The word which in English signifies something in being, the word exist, existing, is a case in point.  The very root of the word, the Latin verb existere, does not mean 'to be', or 'to exist', but 'to step forth' or, 'to arise', or (by extension) 'to become'.  It is a vapid word to convey the rigour required of the critical term 'be'. 

Moreover, the verb to be in English presents difficulties.   We call one who carries out the act walk a walker, one who carries out the act talk, a talker, the one who fights, a fighter, the one who thinks, a thinker.  Why do we call one who carries out the act of be—i.e., one who exists (!!)—a be-ing ?  Why don't we call him an exist-er, or a be-er ?   Why do we not call the act he is exercising the act of be (actus essendi) rather than the vacuous act of existing ?  The appropriate Latin word to signify the act be is the infinitive of the verb, esse, and the noun derived from it, ens entis, being.  It is used in English derivatively in essence, essential, etc., words which have more to do with the entity (there's another) which exercises the act of be than the reality be itself.  The third person singular of the verb to be in English is he (or she, or it) is.  It would make much more sense if, to carry the infinitive to its logical conclusion, we were to say he, or she, or it be's.   (I apologise for the apostrophe, but it is the only way one can convey the use of the noun be as a verb without obscurity.)  By its very obtuseness the English language makes it difficult to comprehend the most fundamental of all distinctions, namely, that between—

[what something is                                   its essence (quiddity or nature)
[    and,
[
[that something is                                    its be (existence or esse)

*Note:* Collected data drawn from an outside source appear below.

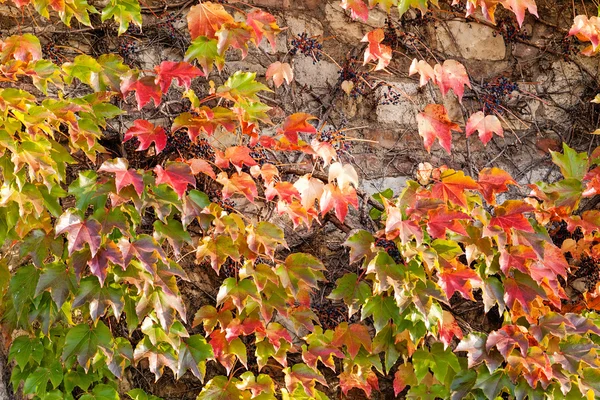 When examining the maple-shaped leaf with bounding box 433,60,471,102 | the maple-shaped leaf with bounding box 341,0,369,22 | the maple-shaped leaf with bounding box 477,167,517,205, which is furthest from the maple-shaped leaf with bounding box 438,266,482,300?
the maple-shaped leaf with bounding box 341,0,369,22

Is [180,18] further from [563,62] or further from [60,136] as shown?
[563,62]

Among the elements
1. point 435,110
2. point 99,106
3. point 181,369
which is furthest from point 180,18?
point 181,369

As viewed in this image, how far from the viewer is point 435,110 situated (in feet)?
8.04

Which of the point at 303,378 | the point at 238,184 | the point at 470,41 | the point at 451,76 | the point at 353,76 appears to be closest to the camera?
the point at 238,184

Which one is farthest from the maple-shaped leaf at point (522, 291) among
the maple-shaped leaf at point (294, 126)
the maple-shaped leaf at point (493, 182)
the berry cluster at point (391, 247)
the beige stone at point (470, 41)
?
the beige stone at point (470, 41)

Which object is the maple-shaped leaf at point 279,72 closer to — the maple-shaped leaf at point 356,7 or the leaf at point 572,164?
the maple-shaped leaf at point 356,7

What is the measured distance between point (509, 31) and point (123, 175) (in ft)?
5.27

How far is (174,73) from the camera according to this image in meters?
2.18

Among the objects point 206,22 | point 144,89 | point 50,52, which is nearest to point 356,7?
point 206,22

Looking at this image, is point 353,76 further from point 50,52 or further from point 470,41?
point 50,52

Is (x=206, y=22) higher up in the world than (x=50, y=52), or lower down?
higher up

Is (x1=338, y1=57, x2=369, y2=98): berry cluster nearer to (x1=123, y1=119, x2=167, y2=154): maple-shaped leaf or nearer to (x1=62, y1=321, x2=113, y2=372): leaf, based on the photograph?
(x1=123, y1=119, x2=167, y2=154): maple-shaped leaf

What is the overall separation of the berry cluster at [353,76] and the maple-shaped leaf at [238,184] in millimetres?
664

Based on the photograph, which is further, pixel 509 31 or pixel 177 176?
pixel 509 31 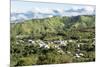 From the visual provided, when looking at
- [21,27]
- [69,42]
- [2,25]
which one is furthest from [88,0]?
[2,25]

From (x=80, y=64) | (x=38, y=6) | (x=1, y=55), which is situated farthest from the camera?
(x=80, y=64)

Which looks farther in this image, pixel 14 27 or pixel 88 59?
pixel 88 59

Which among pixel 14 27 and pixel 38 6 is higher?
pixel 38 6

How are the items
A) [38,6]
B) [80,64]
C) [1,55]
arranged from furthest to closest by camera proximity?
1. [80,64]
2. [38,6]
3. [1,55]

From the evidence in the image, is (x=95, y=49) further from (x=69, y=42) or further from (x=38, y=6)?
(x=38, y=6)

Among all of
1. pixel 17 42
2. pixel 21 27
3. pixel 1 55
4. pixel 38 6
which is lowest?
pixel 1 55

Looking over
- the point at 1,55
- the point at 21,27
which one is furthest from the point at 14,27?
the point at 1,55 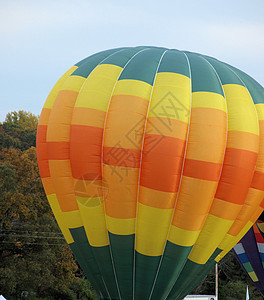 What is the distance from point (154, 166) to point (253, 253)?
608cm

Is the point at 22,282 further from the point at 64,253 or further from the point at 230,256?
the point at 230,256

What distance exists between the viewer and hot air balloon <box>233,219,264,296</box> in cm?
1067

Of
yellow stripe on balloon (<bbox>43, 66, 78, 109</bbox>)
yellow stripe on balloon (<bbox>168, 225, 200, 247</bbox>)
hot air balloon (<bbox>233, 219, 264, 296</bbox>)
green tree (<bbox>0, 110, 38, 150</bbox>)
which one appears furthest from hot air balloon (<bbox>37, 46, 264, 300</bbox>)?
green tree (<bbox>0, 110, 38, 150</bbox>)

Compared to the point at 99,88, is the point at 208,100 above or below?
below

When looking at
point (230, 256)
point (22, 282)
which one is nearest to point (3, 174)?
point (22, 282)

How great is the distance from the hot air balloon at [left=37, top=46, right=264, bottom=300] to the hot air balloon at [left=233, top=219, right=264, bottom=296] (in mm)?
3625

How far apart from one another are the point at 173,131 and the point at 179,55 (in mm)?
1878

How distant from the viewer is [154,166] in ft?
20.6

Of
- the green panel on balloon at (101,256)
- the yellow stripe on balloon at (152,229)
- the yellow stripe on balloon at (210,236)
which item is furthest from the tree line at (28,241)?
the yellow stripe on balloon at (210,236)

Esse, as St Thomas remarks, is the act of all acts and the perfection of all perfections.  Nothing more fundamental can be said of this thing or that, of the beauty of a girl, for instance, than that it is (i.e., it exists in the real), or as we would put it for the budding philosopher, it be's.
 
Commentary
Every discipline has its own terminology, every science, every art ; so, too, does philosophy, and the pity is that with the swamping of the ground upon which sound philosophy was established by the sea of materialism and subjectivism that followed the Protestant Revolt, English speakers lost the true sense of their philosophical terms.  The word 'substance', substantia in the Latin, signifies something that stands under (stare, to stand ; sub, under).  Stands under what ?   Its appearances or, as the modern philosopher or scientist might put it, its phenomena.    First let us understand, as the Sacred Congregation makes clear (in thesis X), that substance is per se indivisible “because it is outside the order of dimensions”.  Here, if only he would allow himself to depart from the strictures of materialism, the citizen of the modern world would discover a great secret : the substance of any thing is not material.  Weighed down by the views of the empiricists of his day, Newton abandoned this Aristotelian notion.  And, incident to this, he failed to grasp that space, in the sense of void or vacuum, is impossible.  He preferred the nostrums of the philosophers of his day to the demands of the principles of logic.  For the assertion breaches the principle of non-contradiction.  Non-being, by definition, does not, nay cannot, exist.  This abandonment of principle has only become more entrenched with the passing of the years as materialism and subjectivism and their companion in folly, atheism, have flourished.[2]  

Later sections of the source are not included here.